Gaz de schiste : les industriels font plier l’Europe
Bruxelles abandonne le projet de légiférer sur les risques écologiques.
dans l’hebdo N° 1287 Acheter ce numéro
Il n’y aura pas de directive pour encadrer l’exploitation du gaz de schiste. L’Union européenne, qui l’avait envisagé, a finalement décidé de s’en tenir à une recommandation, renvoyant les États à leurs propres législations environnementales, considérées comme suffisantes pour contrôler l’impact environnemental, quitte à les renforcer. Le texte se borne donc à édicter des principes de simple bon sens (veiller à ne pas polluer les nappes phréatiques, informer les riverains, mener une étude d’impact approfondie, etc.). Certes, l’énergie n’entre pas dans les compétences de l’Union européenne.

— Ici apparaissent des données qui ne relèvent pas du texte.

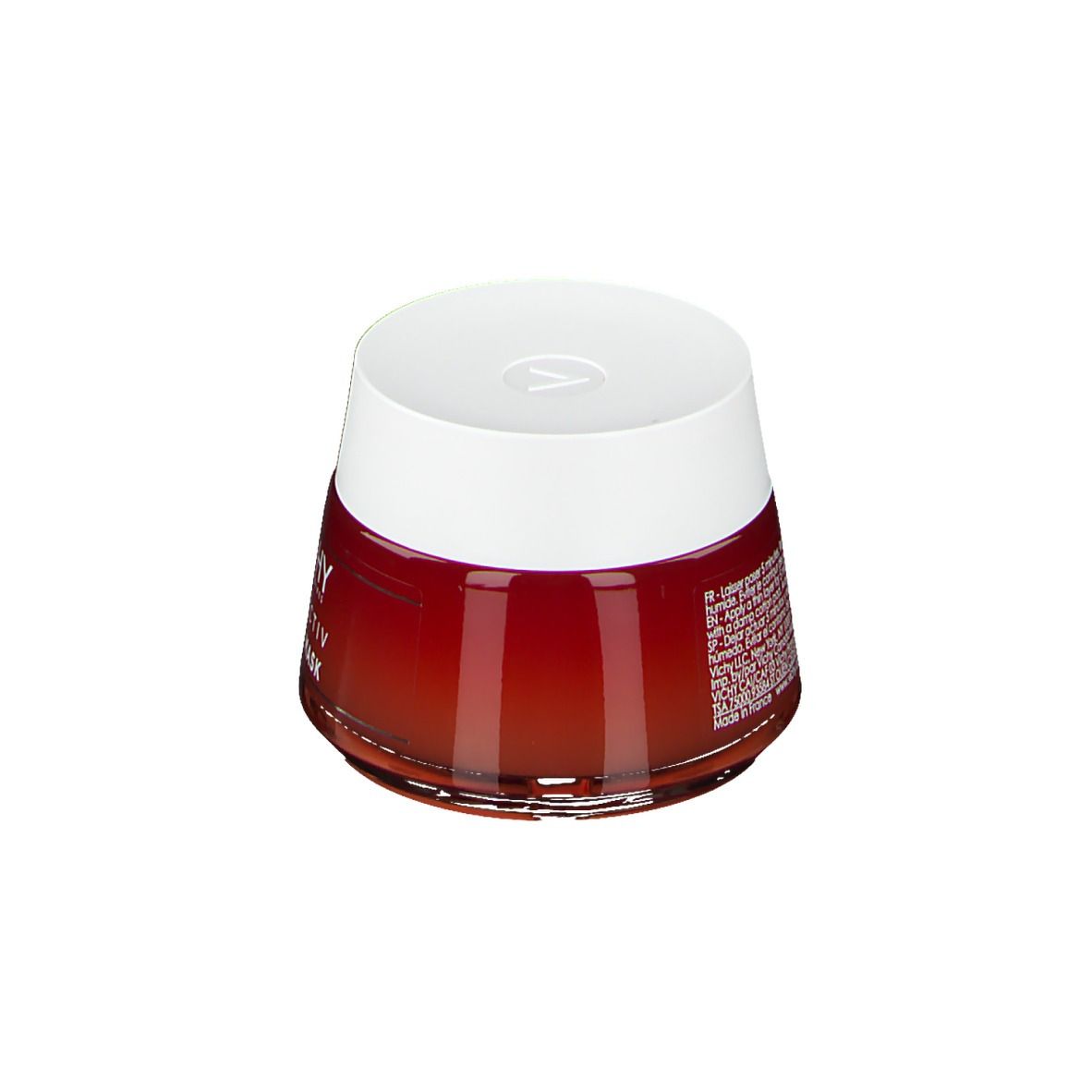 Pot rouge avec couvercle blanc. Inscription et texte sur le côté.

Cependant, Bruxelles tenait l’occasion d’encadrer la pratique de la fracturation hydraulique (seule méthode d’exploitation opérationnelle du gaz de schiste à ce jour), par le biais de la législation environnementale européenne, notamment sur la qualité de l’eau. La Commission reconnaît d’ailleurs les nombreux dégâts observés aux États-Unis, y compris les risques de séismes locaux et les problèmes sanitaires engendrés par l’usage massif de produits chimiques sur les sites d’extraction. Plusieurs pays européens étaient pourtant favorables à une loi, dont la France, l’Allemagne et la Bulgarie, qui ont interdit totalement ou partiellement l’exploitation. Cependant, la motivation était plus forte du côté des pays désireux de tirer parti de leurs gisements potentiels de gaz de schiste. En dépit des mouvements de contestation qui s’y développent, c’est le cas du Royaume-Uni, désormais très volontariste, de la Roumanie ou de la Pologne. Ce dernier pays, un temps présenté comme le mieux doté de l’Union (devant la France), déchante, confronté aux difficultés d’exploitation et à la désertion de plusieurs énergéticiens [^2], déçus par des rentabilités qui s’annoncent bien plus faibles que ce qui avait été envisagé.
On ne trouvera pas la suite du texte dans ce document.